Luis de la Barreda Solórzano
Investigador del Instituto de Investigaciones Jurídicas y coordinador del
Programa Universitario de Derechos Humanos, UNAM,
lbarreda@unam.mx

Un fantasma perverso recorre la causa de los derechos humanos: el fantasma de la deriva punitivista, el cual aconseja que todo señalamiento de un servidor público como responsable de violación a esos derechos, independientemente del sustento probatorio, debe culminar en una severa sentencia condenatoria.

Por supuesto, todo atropello de la autoridad contra cualquier persona amerita el castigo proporcional a la gravedad del ilícito. La impunidad atenta contra la vigencia efectiva del Estado de derecho. Pero si la acusación y la condena se hacen sin las pruebas que demuestren la culpabilidad del acusado, se estará procediendo como lo hacía la Santa Inquisición.

Sin embargo, ha ocurrido que se formulen acusaciones y/o se dicten condenas carentes de pruebas contra los acusados ante la celebración o el silencio de las ONG, partidos políticos (salvo que el acusado sea un correligionario) y columnistas. Quien se atreviera a alzar la voz ante el tribunal inquisitorial defendiendo a una bruja o a un hereje se exponía a que se le acusara de cómplice. Ahora, quien cuestione una acusación por violación de derechos humanos quizá tema que se le tilde de simpatizante del perpetrador. Qué ironía: los derechos humanos surgen en el Siglo de las Luces, entre otras cosas, en oposición a los juicios inquisitoriales, y ahora existe una tendencia que propugna juicios inquisitoriales contra todo acusado de violar derechos humanos.

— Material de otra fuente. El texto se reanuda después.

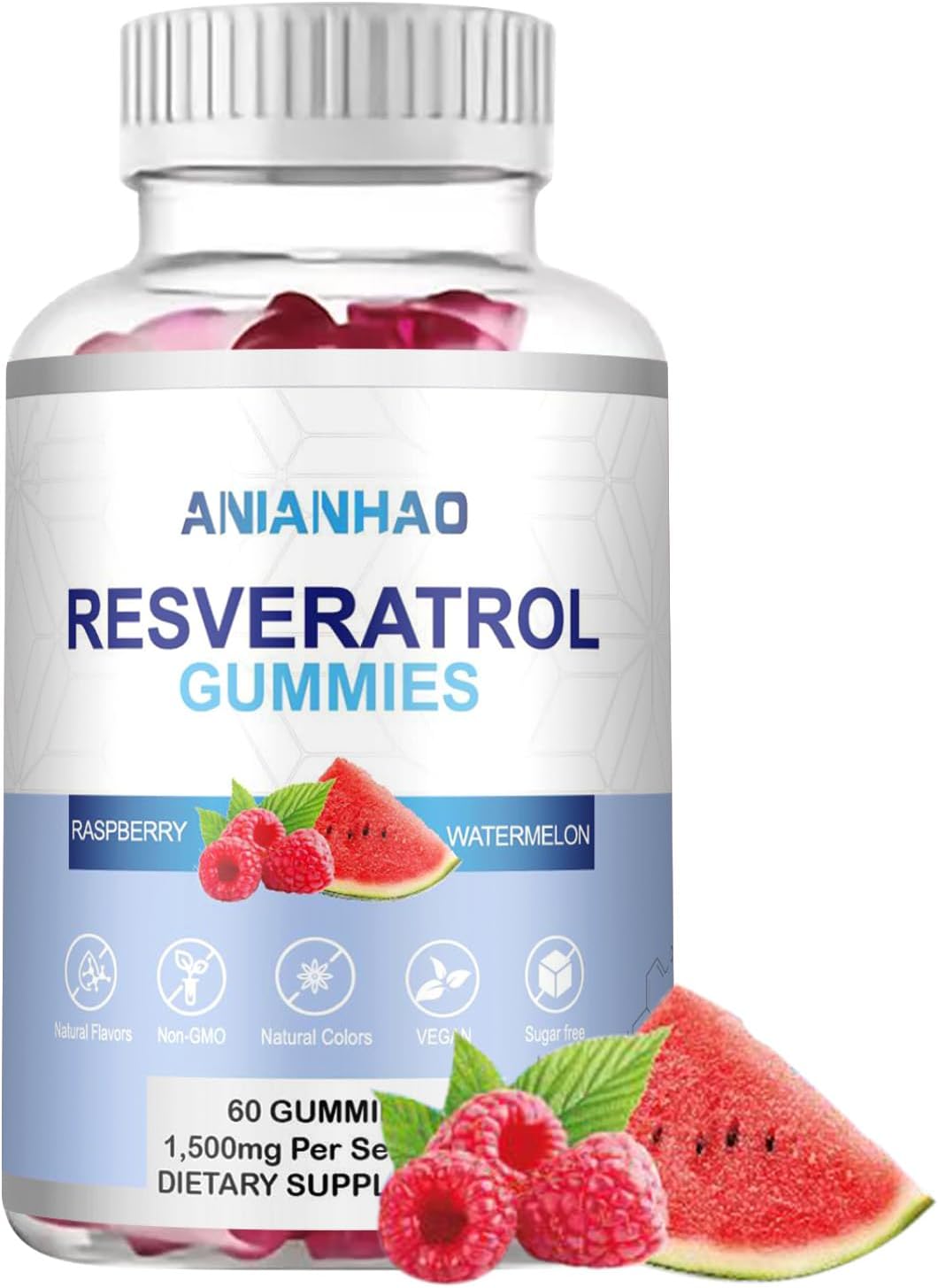 1500mg Sugar-Free Resveratrol Gummies for Digestive & Immune Support - Antioxidant Supplement for Cell Repair & Regeneration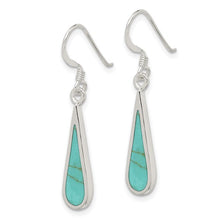 Load image into Gallery viewer, Sterling Silver Polished Turquoise Teardrop Dangle Earrings
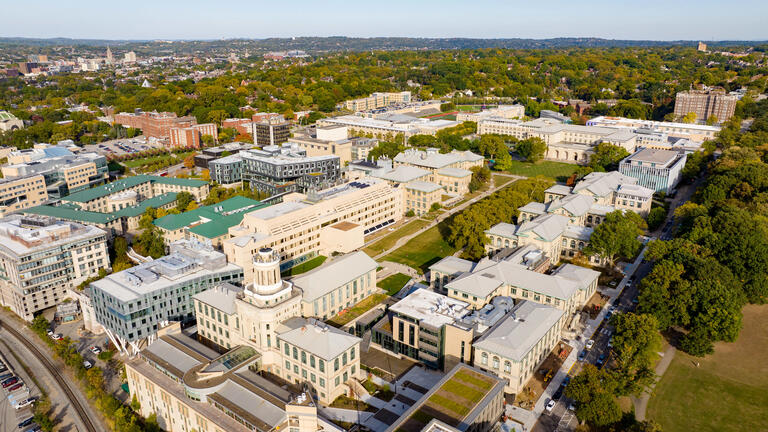 An arial photo of the campus of CMU
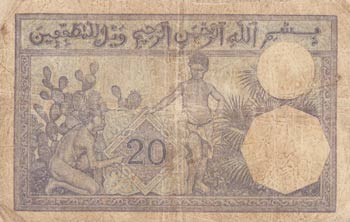 Algeria, 20 Francs, 1929, FINE(-), ... 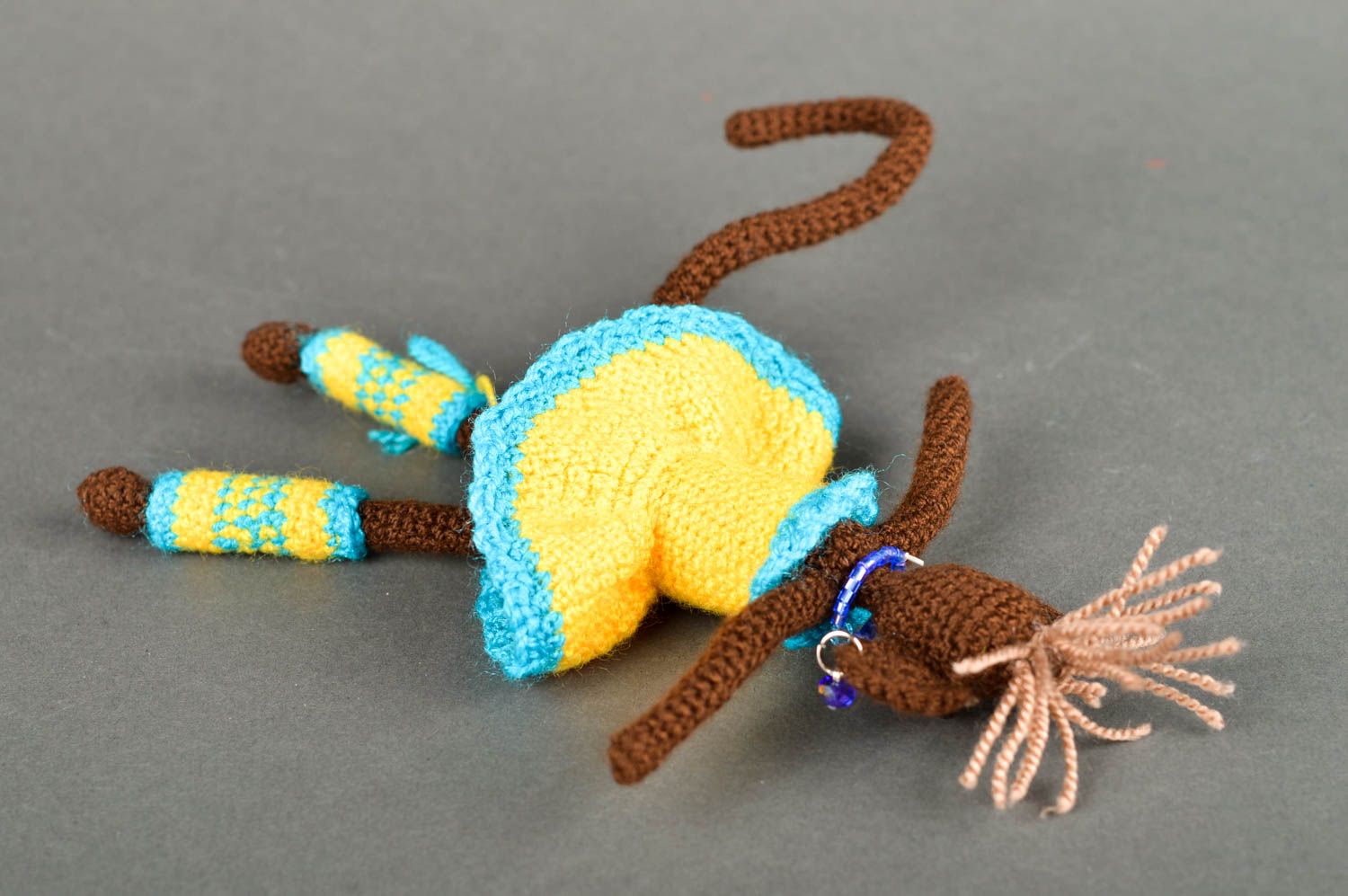 Jouet singe en robe Peluche faite main tricotée au crochet Cadeau pour enfant photo 5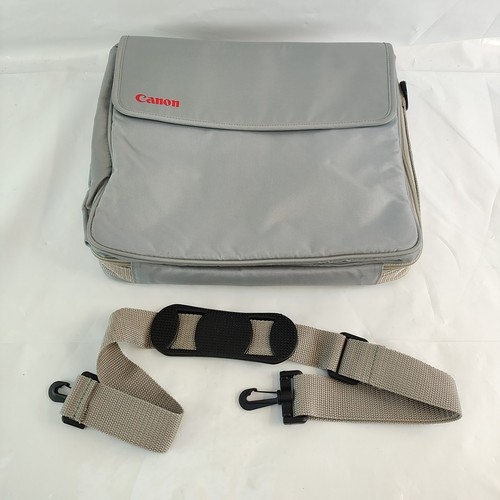 Canon Computer Bag Padded 13" Laptop Carrying Case Cameras Vtg Strap Silver Zips - Picture 4 of 17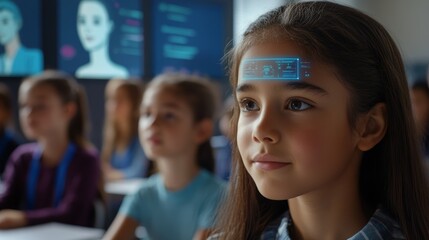 Fototapeta premium Students engaged in learning with an AI camera analyzing emotional responses in a modern classroom setting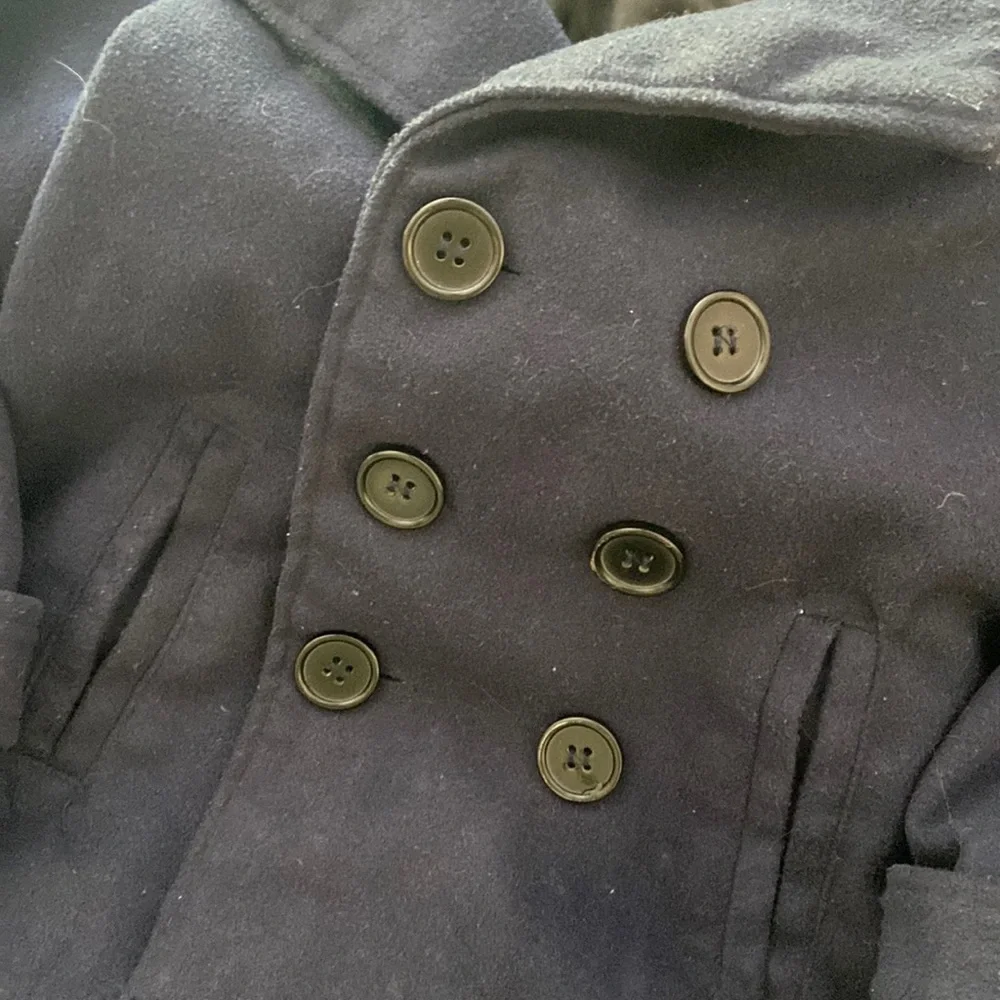 Little Boy Fleece Navy Blue Pea Coat Buttons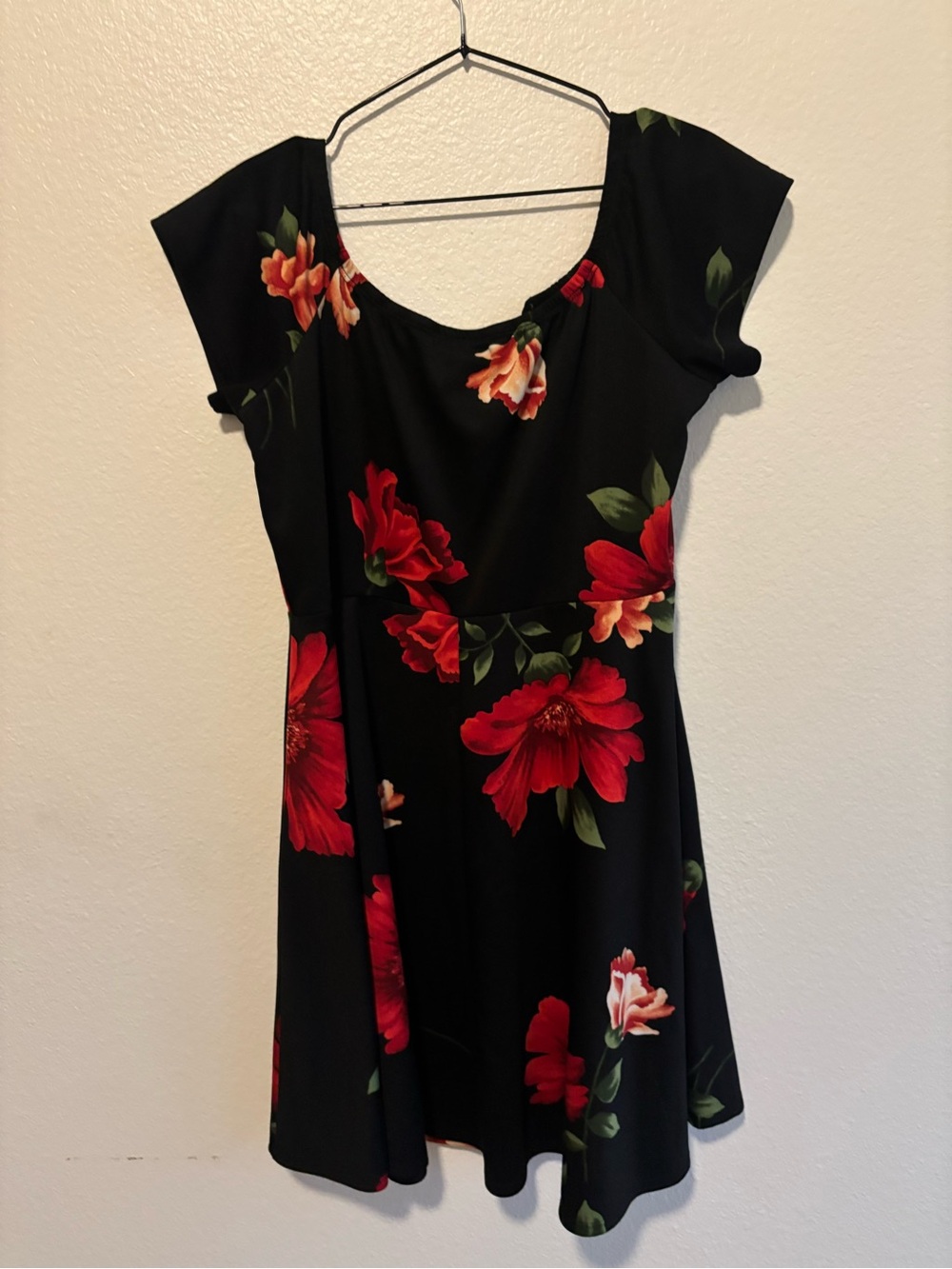 Black Floral Scoop-Neck Fit & Flare Dress with Red Blooms
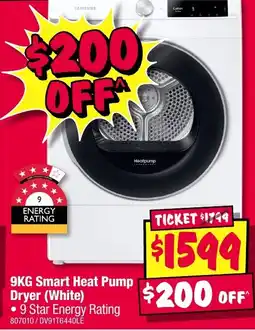 JB Hi-Fi 9KG Smart Heat Pump Dryer (White) offer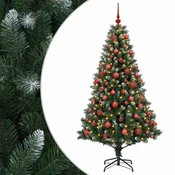 Vidaxl Umjetno božično drevo z okrasnimi kroglami 240 cm 300 LED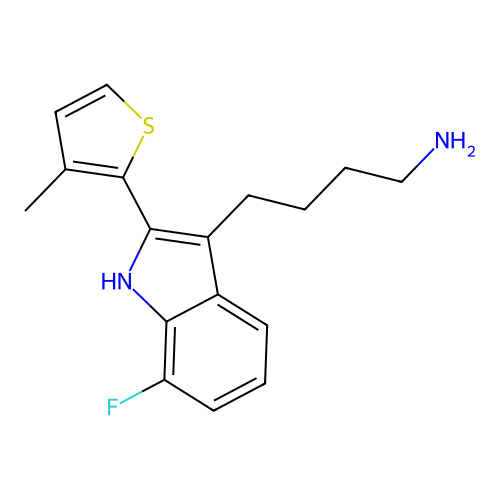 4-[7-fluoro-2-(3-methylthiophen-2-yl)-1H-indol-3-yl]butan-1-amine structure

Recordarán los lectores menos jóvenes el episodio sangriento del asalto y la recuperación del Palacio de Justicia en Bogotá. El 6 de noviembre de 1985 fue ocupado a sangre y fuego por el grupo guerrillero M-19, que tomó como rehenes a 350 personas entre magistrados, consejeros, empleados y visitantes. Demandaba que el Presidente de la República acudiera al palacio para ser sometido a juicio público. (Pablo Escobar reveló, mucho después, que había pagado siete millones de dólares al M-19 por el ataque a fin de presionar a los magistrados para que no concedieran las solicitudes de extradición de narcos a Estados Unidos). El Ejército intervino. El saldo del enfrentamiento fue de más de 100 muertos, entre ellos 11 magistrados de la Corte Suprema y siete desaparecidos.

Ventidós años después se detuvo al coronel Alfonso Plazas Vega. En segunda instancia se le impuso la pena de 30 años de prisión por la desaparición del administrador de la cafetería del palacio —a quien se consideró cómplice de los guerrilleros— y de una guerrillera. Hace un mes, cuando el coronel llevaba ocho años y medio en prisión, la Corte Suprema de su país lo absolvió. No había pruebas creíbles de su culpabilidad.

Un testigo, el cabo Édgar Villamizar, dijo en 2006 que en la mañana del 7 de noviembre de 1985, en la Escuela de Caballería a donde fueron llevados algunos de los detenidos, escuchó al coronel Plazas Vega decir: “Cuelguen a esos hijueputas”. Otro testigo, el suboficial Tirso Sáenz, sostuvo que estando en esa escuela vio bajar de un tanque a seis civiles, quienes serían torturados y desaparecidos. La Corte Suprema ha demostrado que dichos testigos no vieron ni oyeron lo que atestiguaron, pues no estuvieron en la Escuela de Caballería y que no fue el coronel Plazas Vega quien estuvo al mando del operativo militar, además de advertir que no se entiende por qué Villamizar demoró 21 años en rendir su testimonio. La fiscal del caso fue Ángela Buitrago, hoy miembro del Grupo Interdisciplinario de Expertos Independientes, que revisa el caso de los 43 normalistas de Ayotzinapa desaparecidos.

En México presenciamos atónitos, durante varios años, la actuación de la Fiscalía para Movimientos Sociales y Políticos del Pasado, cuyo titular Ignacio Carrillo Prieto, en vez de indagar los hechos que le correspondía esclarecer, acusó sin pruebas a chivos expiatorios, aunque ninguna de sus acusaciones prosperó, porque jueces objetivos e independientes las echaron abajo. Finalmente, el exfiscal fue condenado a 10 años de inhabilitación para ocupar cargos públicos y al pago de 11 millones de pesos por no comprobar el destino de más de nueve millones, parte de los cuales entregó a personas ajenas a la institución.

NOTAS:
1. Se reproduce con autorización del autor, publicado en Excélsior, el 21 de enero de 2016.